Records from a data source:
*-*-*

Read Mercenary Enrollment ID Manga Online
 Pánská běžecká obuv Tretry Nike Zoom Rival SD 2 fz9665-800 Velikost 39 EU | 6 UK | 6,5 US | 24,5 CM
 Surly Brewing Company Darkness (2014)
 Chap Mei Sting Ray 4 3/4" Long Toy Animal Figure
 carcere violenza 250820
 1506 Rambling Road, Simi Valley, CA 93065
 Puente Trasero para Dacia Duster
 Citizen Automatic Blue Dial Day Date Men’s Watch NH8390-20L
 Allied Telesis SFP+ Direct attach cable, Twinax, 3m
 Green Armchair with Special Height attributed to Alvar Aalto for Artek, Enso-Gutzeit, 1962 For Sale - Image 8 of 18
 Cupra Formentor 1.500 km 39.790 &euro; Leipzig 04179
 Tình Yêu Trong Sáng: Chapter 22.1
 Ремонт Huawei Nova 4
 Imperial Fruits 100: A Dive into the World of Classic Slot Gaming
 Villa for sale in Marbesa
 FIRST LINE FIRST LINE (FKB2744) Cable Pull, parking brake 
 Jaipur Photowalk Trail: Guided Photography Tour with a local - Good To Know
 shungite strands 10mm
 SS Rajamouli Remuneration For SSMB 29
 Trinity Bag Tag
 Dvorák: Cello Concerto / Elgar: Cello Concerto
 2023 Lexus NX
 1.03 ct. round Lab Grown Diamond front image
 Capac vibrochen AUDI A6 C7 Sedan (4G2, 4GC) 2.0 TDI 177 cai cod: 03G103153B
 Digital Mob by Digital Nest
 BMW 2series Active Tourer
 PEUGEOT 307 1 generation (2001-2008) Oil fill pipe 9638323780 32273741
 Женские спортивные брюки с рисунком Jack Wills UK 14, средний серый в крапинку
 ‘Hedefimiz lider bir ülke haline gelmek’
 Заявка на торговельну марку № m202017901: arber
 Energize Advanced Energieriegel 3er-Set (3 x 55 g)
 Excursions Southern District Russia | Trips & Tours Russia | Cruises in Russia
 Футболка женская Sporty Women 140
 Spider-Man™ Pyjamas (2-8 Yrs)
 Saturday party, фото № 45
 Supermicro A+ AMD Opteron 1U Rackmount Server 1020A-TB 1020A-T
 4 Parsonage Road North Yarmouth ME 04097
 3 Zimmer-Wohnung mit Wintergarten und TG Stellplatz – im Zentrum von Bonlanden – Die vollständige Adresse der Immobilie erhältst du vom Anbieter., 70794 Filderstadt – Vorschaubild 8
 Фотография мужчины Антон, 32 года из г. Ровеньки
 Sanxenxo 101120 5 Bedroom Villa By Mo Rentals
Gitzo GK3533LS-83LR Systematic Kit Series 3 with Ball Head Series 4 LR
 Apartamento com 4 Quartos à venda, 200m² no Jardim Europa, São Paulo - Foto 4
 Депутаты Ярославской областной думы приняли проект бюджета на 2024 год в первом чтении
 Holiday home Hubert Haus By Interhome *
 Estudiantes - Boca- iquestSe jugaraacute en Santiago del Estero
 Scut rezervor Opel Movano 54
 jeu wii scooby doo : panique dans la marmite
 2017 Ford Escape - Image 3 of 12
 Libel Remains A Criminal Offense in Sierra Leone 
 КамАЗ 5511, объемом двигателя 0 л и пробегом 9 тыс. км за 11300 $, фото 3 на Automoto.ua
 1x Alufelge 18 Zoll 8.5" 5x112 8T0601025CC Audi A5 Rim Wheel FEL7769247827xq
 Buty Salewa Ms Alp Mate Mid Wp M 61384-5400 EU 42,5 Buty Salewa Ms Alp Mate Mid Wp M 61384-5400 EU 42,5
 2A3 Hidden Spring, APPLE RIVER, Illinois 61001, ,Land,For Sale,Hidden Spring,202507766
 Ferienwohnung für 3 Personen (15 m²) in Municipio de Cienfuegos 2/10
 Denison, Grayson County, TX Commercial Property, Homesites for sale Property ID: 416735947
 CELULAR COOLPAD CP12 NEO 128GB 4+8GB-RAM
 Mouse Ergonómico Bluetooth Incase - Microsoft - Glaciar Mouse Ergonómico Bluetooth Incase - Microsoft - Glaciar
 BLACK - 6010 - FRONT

*-*-*

Please print the lines from the start of the records up to and including the line with "Villa for sale in Marbesa", copying each one exactly and leaving out the rest.

Read Mercenary Enrollment ID Manga Online
 Pánská běžecká obuv Tretry Nike Zoom Rival SD 2 fz9665-800 Velikost 39 EU | 6 UK | 6,5 US | 24,5 CM
 Surly Brewing Company Darkness (2014)
 Chap Mei Sting Ray 4 3/4" Long Toy Animal Figure
 carcere violenza 250820
 1506 Rambling Road, Simi Valley, CA 93065
 Puente Trasero para Dacia Duster
 Citizen Automatic Blue Dial Day Date Men’s Watch NH8390-20L
 Allied Telesis SFP+ Direct attach cable, Twinax, 3m
 Green Armchair with Special Height attributed to Alvar Aalto for Artek, Enso-Gutzeit, 1962 For Sale - Image 8 of 18
 Cupra Formentor 1.500 km 39.790 &euro; Leipzig 04179
 Tình Yêu Trong Sáng: Chapter 22.1
 Ремонт Huawei Nova 4
 Imperial Fruits 100: A Dive into the World of Classic Slot Gaming
 Villa for sale in Marbesa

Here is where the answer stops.